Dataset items
***

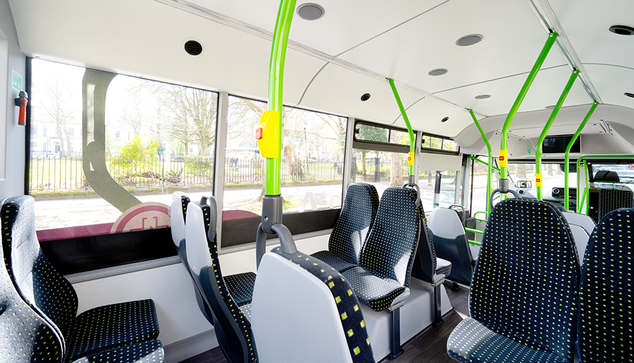 The image depicts the interior of a modern bus, focusing on the seating arrangement. The seats are upholstered in black fabric with white and yellow polka dot patterns. Several rows of seats are visible, with some facing forwards and others placed opposite each other. The bus features large windows allowing natural light to fill the interior. Overhead, a clean, white ceiling includes small circular lights and ventilation units. Bright green and yellow poles provide support for standing passengers and feature buttons for stop requests. The view outside the windows reveals a blurred landscape with trees and a fence, suggesting the bus is in motion or parked near a park.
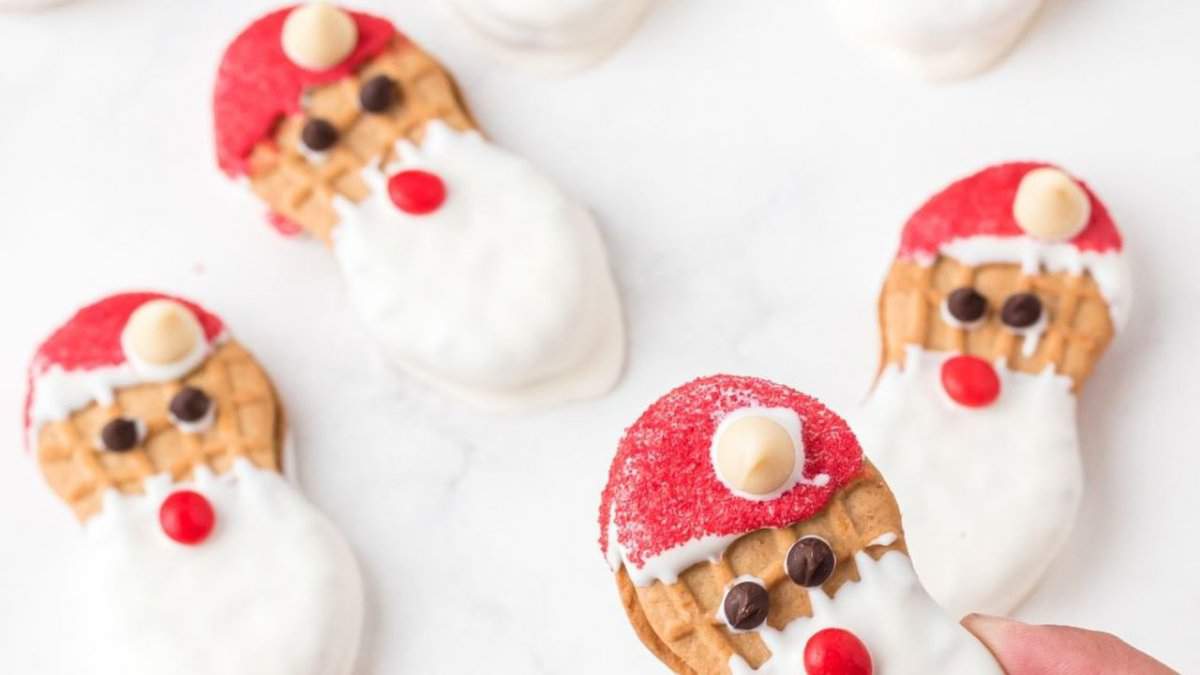 Peanut-shaped cookies decorated as Santa faces with red sugar hats, white chocolate beards, mini chocolate chips for eyes, red candy noses, and white chocolate chips for hat tops, arranged on a white surface.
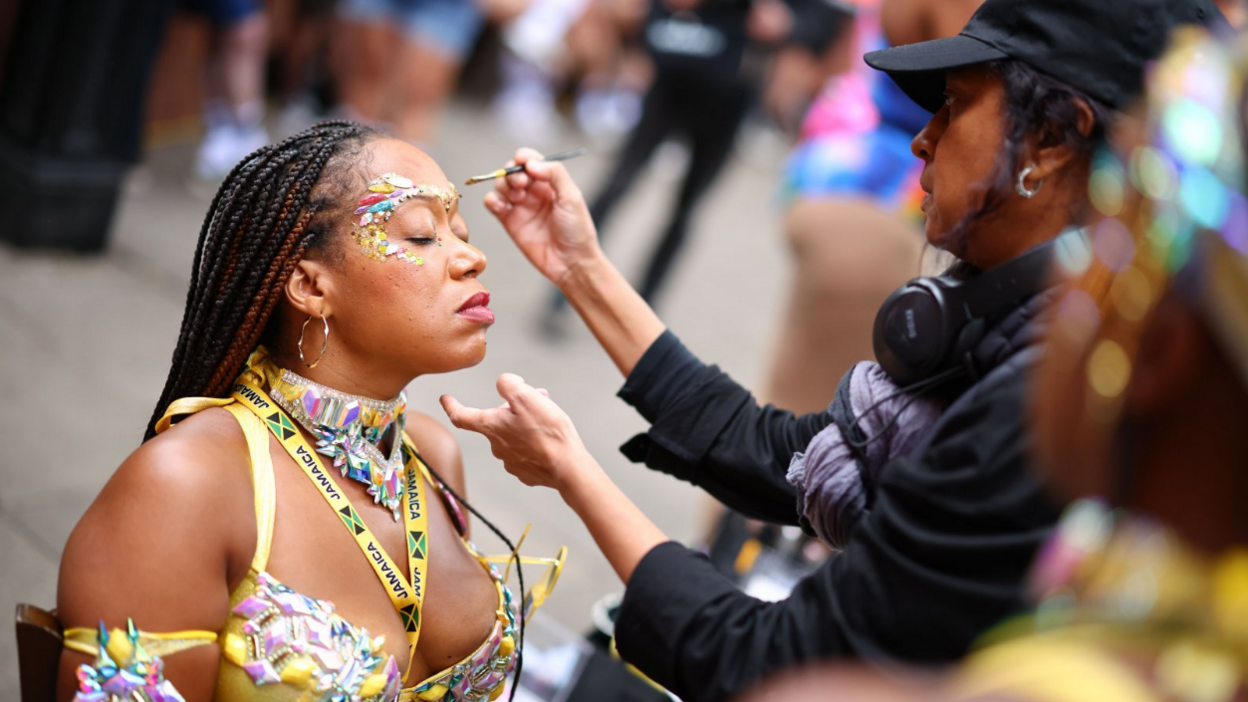 A woman in a yellow decorative outfit sits and has glitter and gems applied to her face.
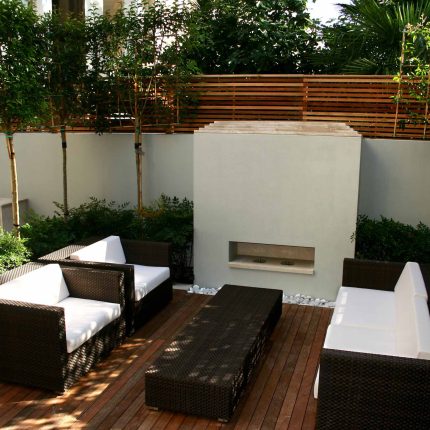 Contemporary outdoor garden space designed by Kate Gould and built by the Garden Builders, water feature, floating bench, cedar bench, landscaping contractors.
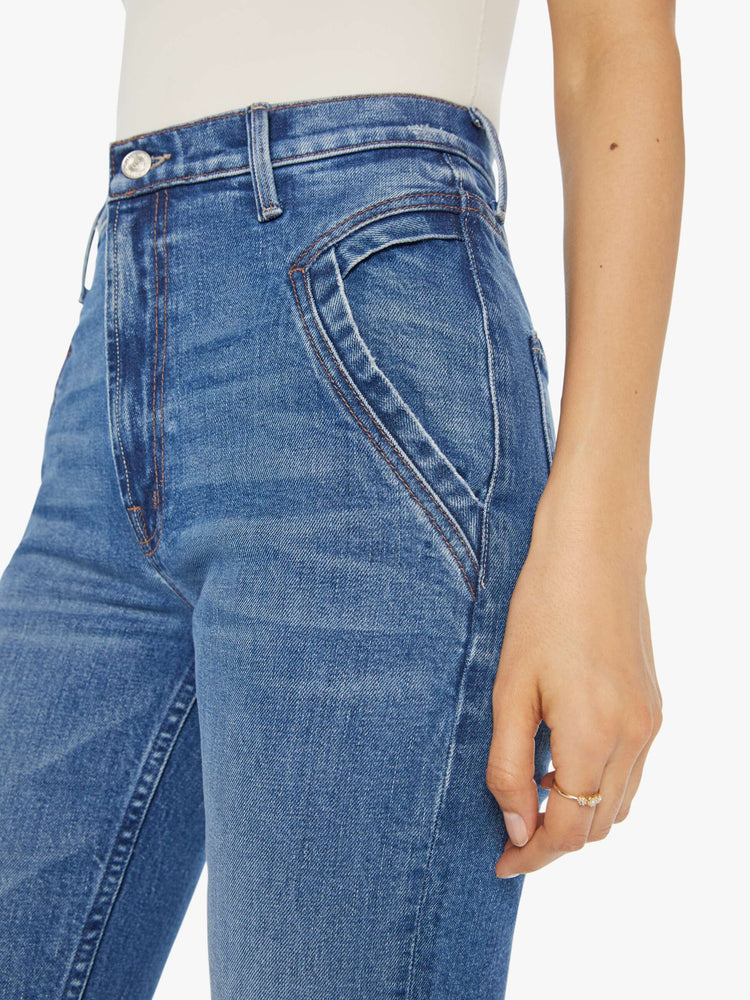 Close up view of a woman in a mid blue high rise jean with a narrow straight leg, triangle pockets and a 31-inch inseam with a clean hem.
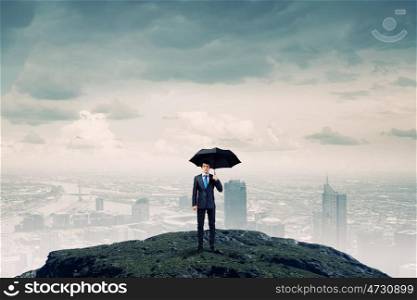 Businessman with umbrella. Businessman with umbrella and suitcase standing on mountain top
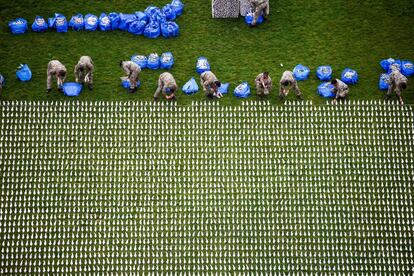 Voluntarios del primer batallón de los 'Royal Anglians' ayudan a colocar algunas de las 72,396 figuras que forman parte de la exposición 'Shroud of the Somme', en el Queen Elizabeth Olympic Park de Londres.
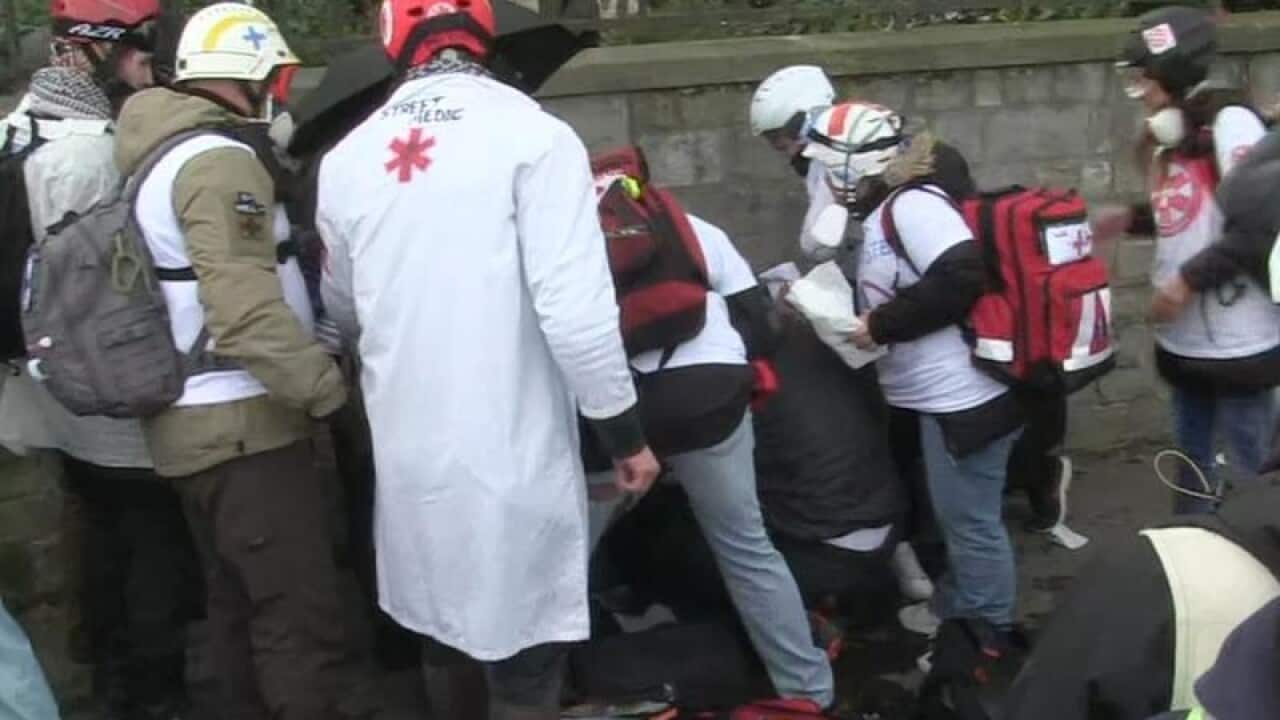 Emergency services attend to the protester who injured his hand
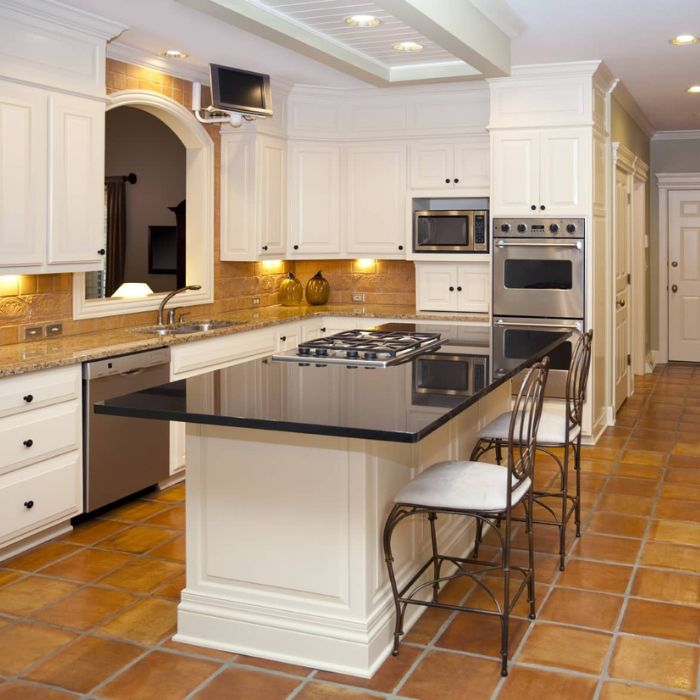 Stunning kitchen with rustic terracotta flooring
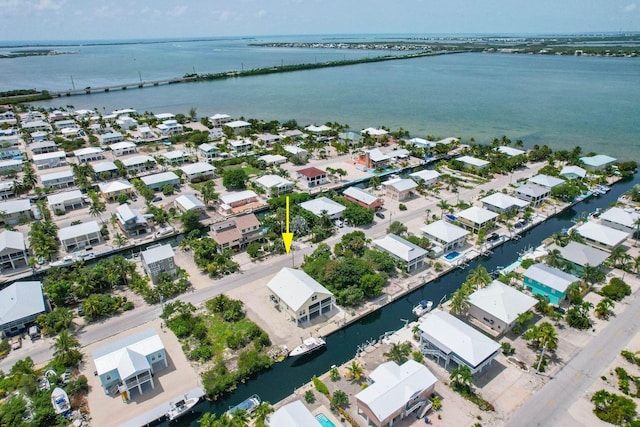 birds eye view of property with a water view and a residential view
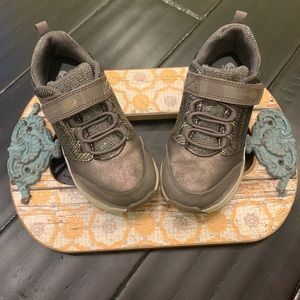 Girls Geox light brown patent leather sneakers.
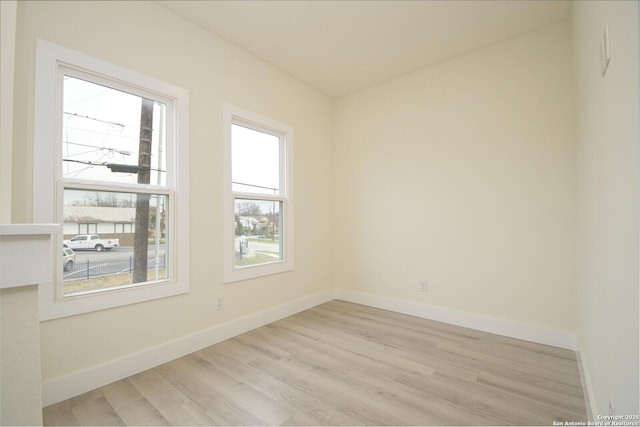 empty room with light wood-type flooring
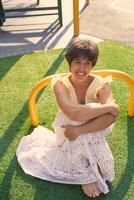 girl with a short haircut in a yellow dress on a sun drenched sports field in Copenhagen photo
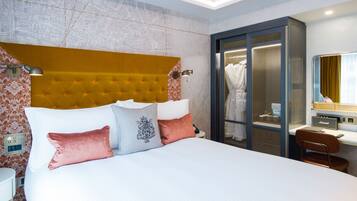 Ein Hotelzimmer mit einem großen Bett, einem Schreibtisch mit Computer, einem Kleiderschrank und einem durch eine Glastür einsehbaren Badezimmer.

***

ABOUT THIS TASK
What is needed is an exact copy of the data, with the pictures removed.

COMPLETED EXERCISE
 The image depicts the interior of a modern bus, focusing on the seating arrangement. The seats are upholstered in black fabric with white and yellow polka dot patterns. Several rows of seats are visible, with some facing forwards and others placed opposite each other. The bus features large windows allowing natural light to fill the interior. Overhead, a clean, white ceiling includes small circular lights and ventilation units. Bright green and yellow poles provide support for standing passengers and feature buttons for stop requests. The view outside the windows reveals a blurred landscape with trees and a fence, suggesting the bus is in motion or parked near a park.
 Peanut-shaped cookies decorated as Santa faces with red sugar hats, white chocolate beards, mini chocolate chips for eyes, red candy noses, and white chocolate chips for hat tops, arranged on a white surface.
 A woman in a yellow decorative outfit sits and has glitter and gems applied to her face.
 Contemporary outdoor garden space designed by Kate Gould and built by the Garden Builders, water feature, floating bench, cedar bench, landscaping contractors.
 Close up view of a woman in a mid blue high rise jean with a narrow straight leg, triangle pockets and a 31-inch inseam with a clean hem.
 Businessman with umbrella. Businessman with umbrella and suitcase standing on mountain top
 Voluntarios del primer batallón de los 'Royal Anglians' ayudan a colocar algunas de las 72,396 figuras que forman parte de la exposición 'Shroud of the Somme', en el Queen Elizabeth Olympic Park de Londres.
 Emergency services attend to the protester who injured his hand
 Stunning kitchen with rustic terracotta flooring
 birds eye view of property with a water view and a residential view
 Girls Geox light brown patent leather sneakers.
 empty room with light wood-type flooring
 girl with a short haircut in a yellow dress on a sun drenched sports field in Copenhagen photo
 Ein Hotelzimmer mit einem großen Bett, einem Schreibtisch mit Computer, einem Kleiderschrank und einem durch eine Glastür einsehbaren Badezimmer.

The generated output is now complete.